On January 2, 1983, a 30-something sportswriter for the Houston Post looked for an angle on a column he needed to write. Tommy Bonk had just watched a Sunday afternoon basketball game where the Houston Cougars scored 112 points, over half coming from dunks.
He looked for a name he could call the team without stating the obvious. On a self-imposed deadline, he settled on Texas’ Tallest Fraternity. His column led with a phrase that rewrote the culture of college basketball.
As members of the exclusive college roundball fraternity Phi Slama Jama, the Houston chapter has learned proper parliamentary procedure.
The column was printed the next day, and the name Phi Slama Jama changed UH history.
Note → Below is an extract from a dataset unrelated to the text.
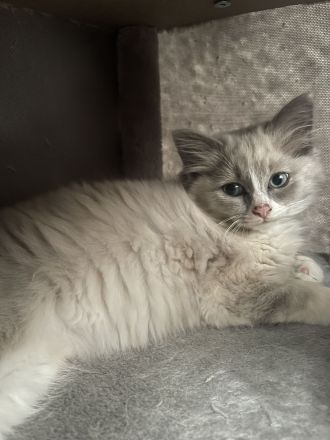Ragdoll Kitten suchen ein liebevolles Zuhause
The game was Houston’s first at home since December 8th. The Cougars went to Syracuse for a $100,000 payday for a TV game, then traveled to Tokyo for two games in the Suntory Classic, which included a matchup against #1 Virginia. UH came home and then traveled to Malibu to play Pepperdine before returning to Houston for the January 2nd game vs. Pacific.
That day, Michael Young celebrated his 22nd birthday, scoring 29 points to lead the #18 Houston Cougars by the Tigers, 112-58.
“Didn’t he have a super first half,” Guy V. Lewis asked reporters. “What did he have, 20 points at the half?”
The Cougars had 29 dunks that day, inspiring Bonk to get creative with his column. The UH administration jumped on the name Phi Slama Jama and within days had a banner on the ring that circled the Hofheinz floor. It wasn’t until three weeks later, after UH beat #4 Arkansas, that a UPI writer named Tony Favia introduced the phrase to the country.
By then, Phi Slama Jama mania had swept through the University community and the city.